WHAT TO WORK ON: Output nothing but the lines from the first line of the listing below through the line containing "used 2025 Nissan", printed exactly and free of pictures.

SUPPLIED DATA:

──────────

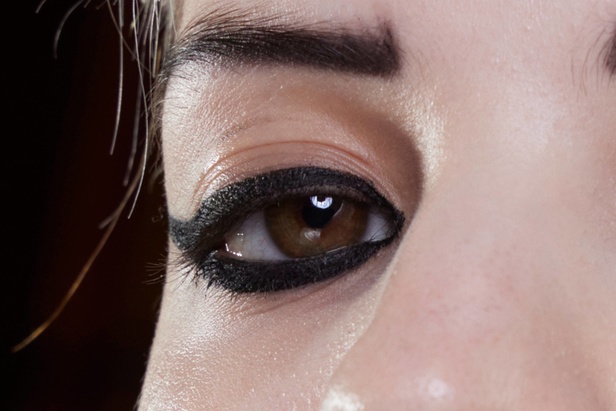 إحساس السنوات الأخيرة ينعكس على مجموعة Viktor&Rolf 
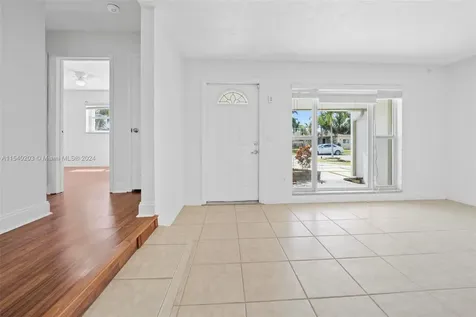 7431 Taylor Street Hollywood FL 33024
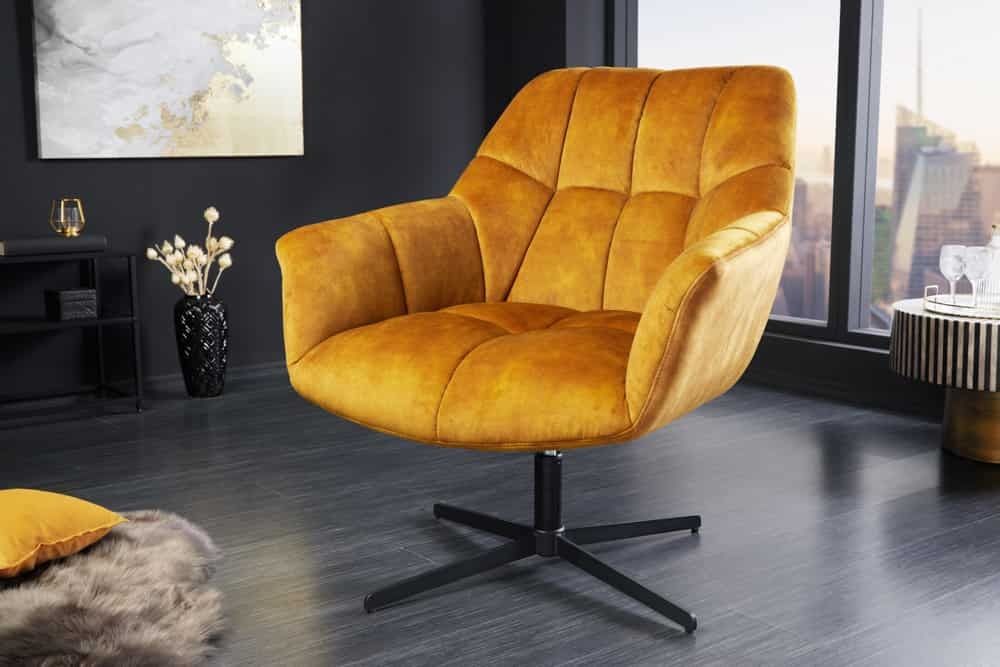 Draaifauteuil PAPILLON – Mustardkleurig Fluweel met Zwarte Metaalarm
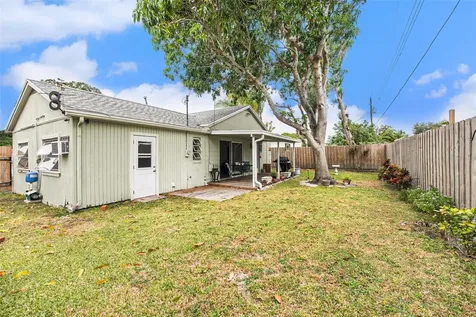 7803 N Woodlynne Avenue Tampa FL 33614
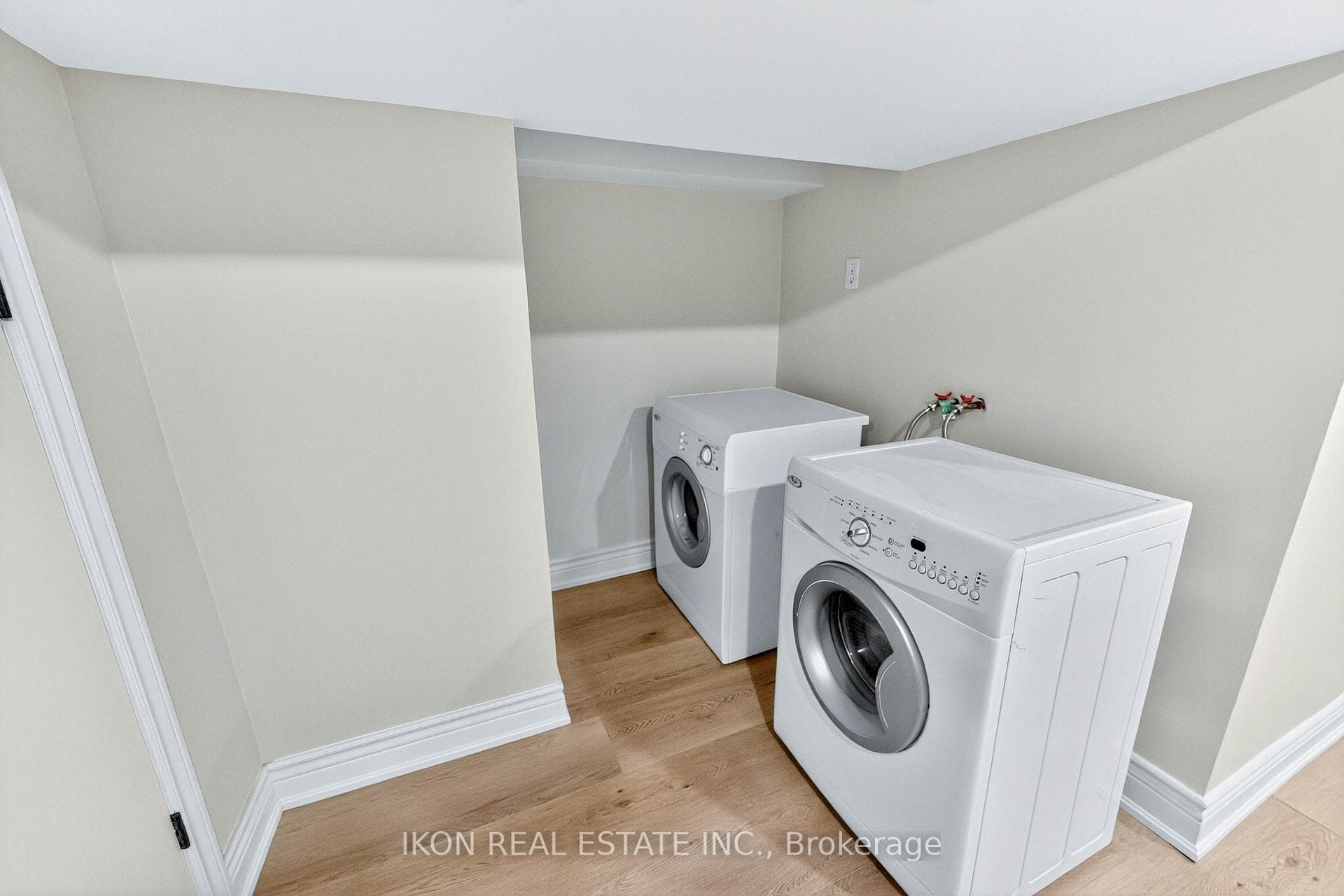 475 Delaware Avenue photo 28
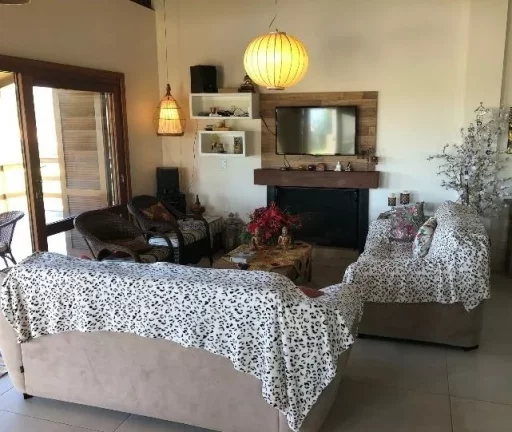 Imagem Casa de alto padrão em Garopaba-SC: conforto, privacidade e localização privilegiada!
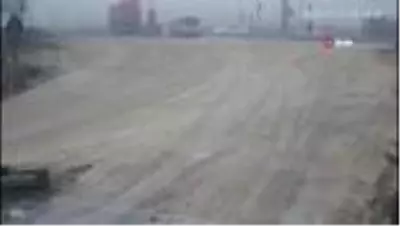 Kırmızı ışıkta geçen kamyonet tıra böyle çarptı: 2 yaralı Kırmızı ışıkta geçen kamyonet tıra böyle çarptı: 2 yaralı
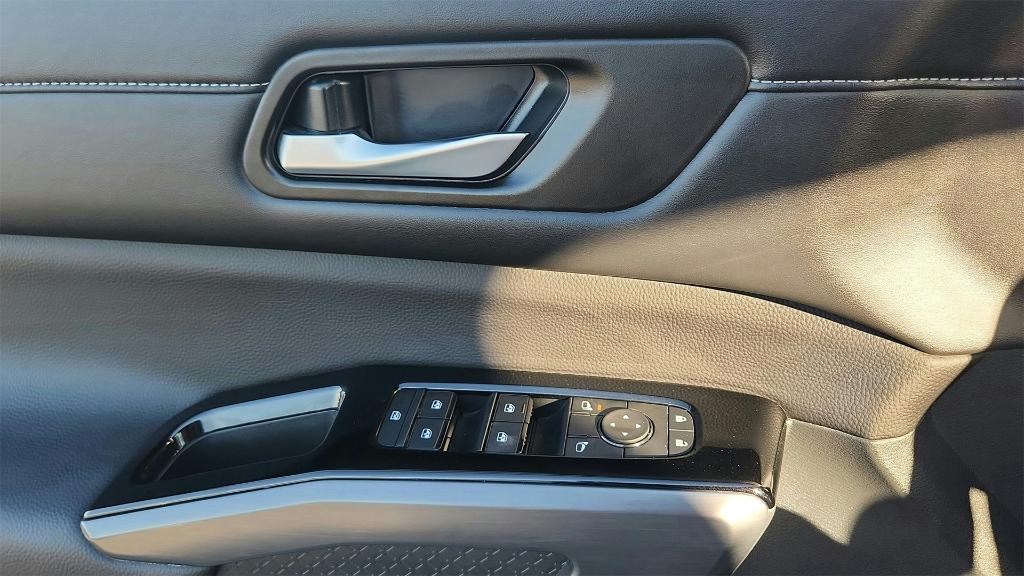 used 2025 Nissan Pathfinder car, priced at $38,995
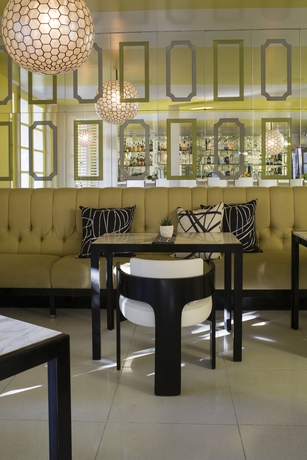 Imagen del bar/restaurante del Hotel Avalon and Bungalows Palm Springs. Foto 4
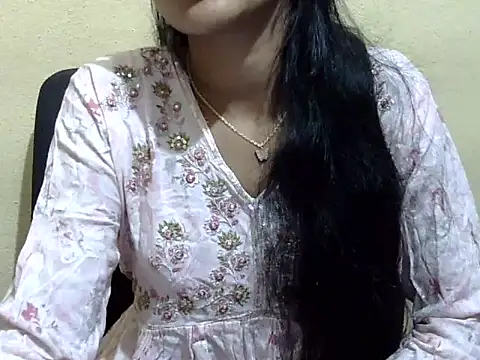 Khushi_v webcam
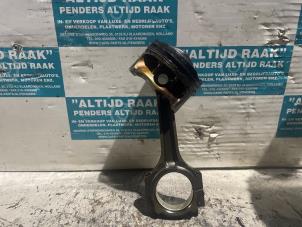 Used Connecting rod Volvo V40 Price on request offered by "Altijd Raak" Penders
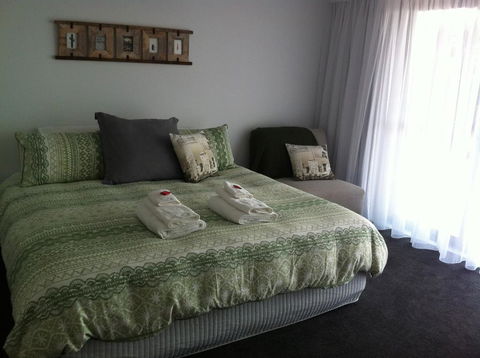 Corinella On The Esplanade Bed & Breakfast - Redcliffe Tourism 2
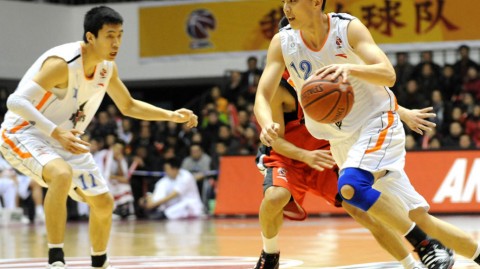 CBA第九轮京粤大战北京首钢狂屠广东终结八连胜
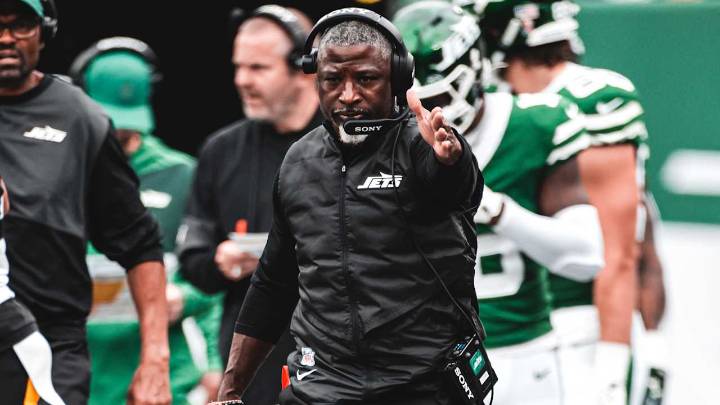 Aaron Glenn Saw Positives in 1st Game as Jets HC but Also Things That 'Have Got to Be Fixed'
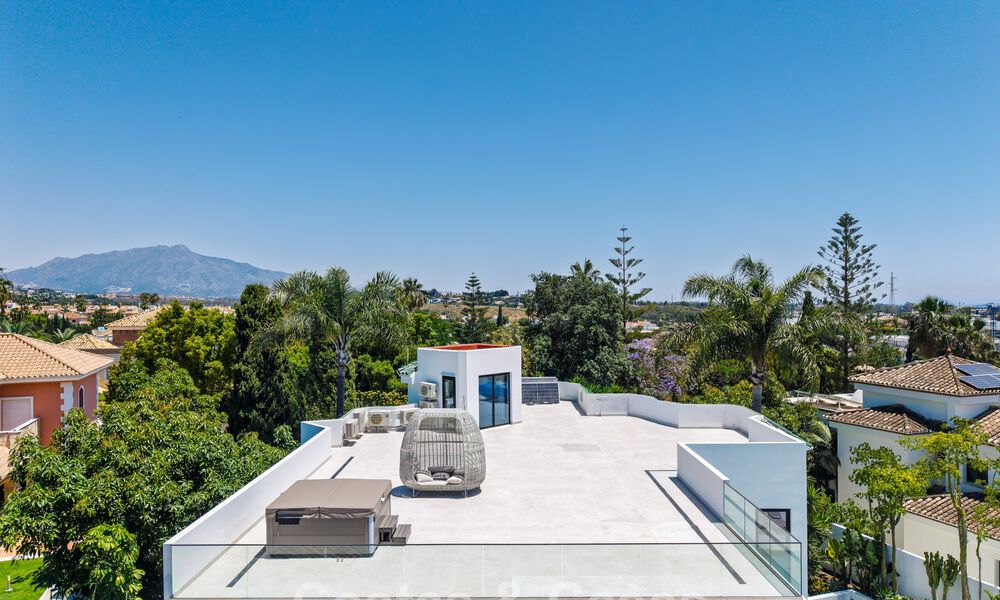Brand-new modern family villa with swimming pool for sale on the New Golden Mile between Marbella and Estepona 806642
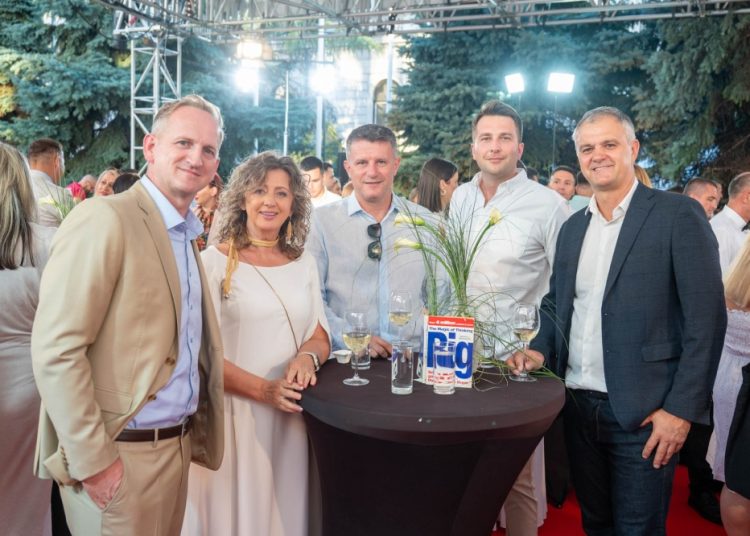 Navijački napad u Pologu: Tri osobe privedene, za ostalima se još traga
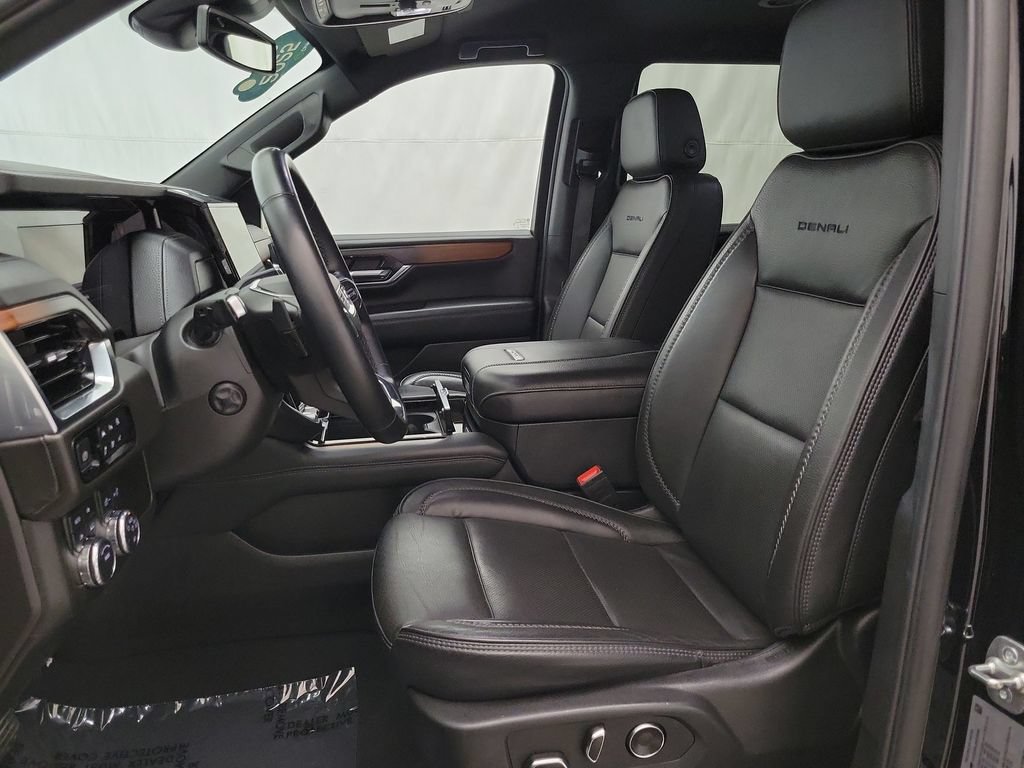 Certified 2025 GMC Yukon Denali AWD/4WD image 9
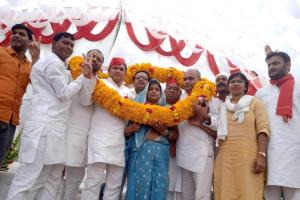 अयोध्या : नगर पंचायत खिरौनी की पहली चेयरमैन रेशमा भारती ने ली शपथ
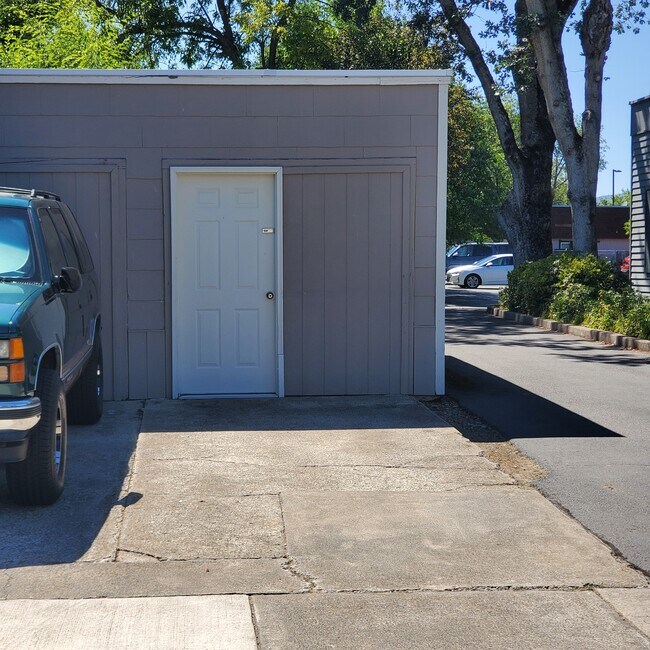 Lugar de estacionamiento fuera de la calle con garaje de almacenamiento - 230 Laurel St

──────────

PROBLEM SOLUTION:
 إحساس السنوات الأخيرة ينعكس على مجموعة Viktor&Rolf 
 7431 Taylor Street Hollywood FL 33024
 Draaifauteuil PAPILLON – Mustardkleurig Fluweel met Zwarte Metaalarm
 7803 N Woodlynne Avenue Tampa FL 33614
 475 Delaware Avenue photo 28
 Imagem Casa de alto padrão em Garopaba-SC: conforto, privacidade e localização privilegiada!
 Kırmızı ışıkta geçen kamyonet tıra böyle çarptı: 2 yaralı Kırmızı ışıkta geçen kamyonet tıra böyle çarptı: 2 yaralı
 used 2025 Nissan Pathfinder car, priced at $38,995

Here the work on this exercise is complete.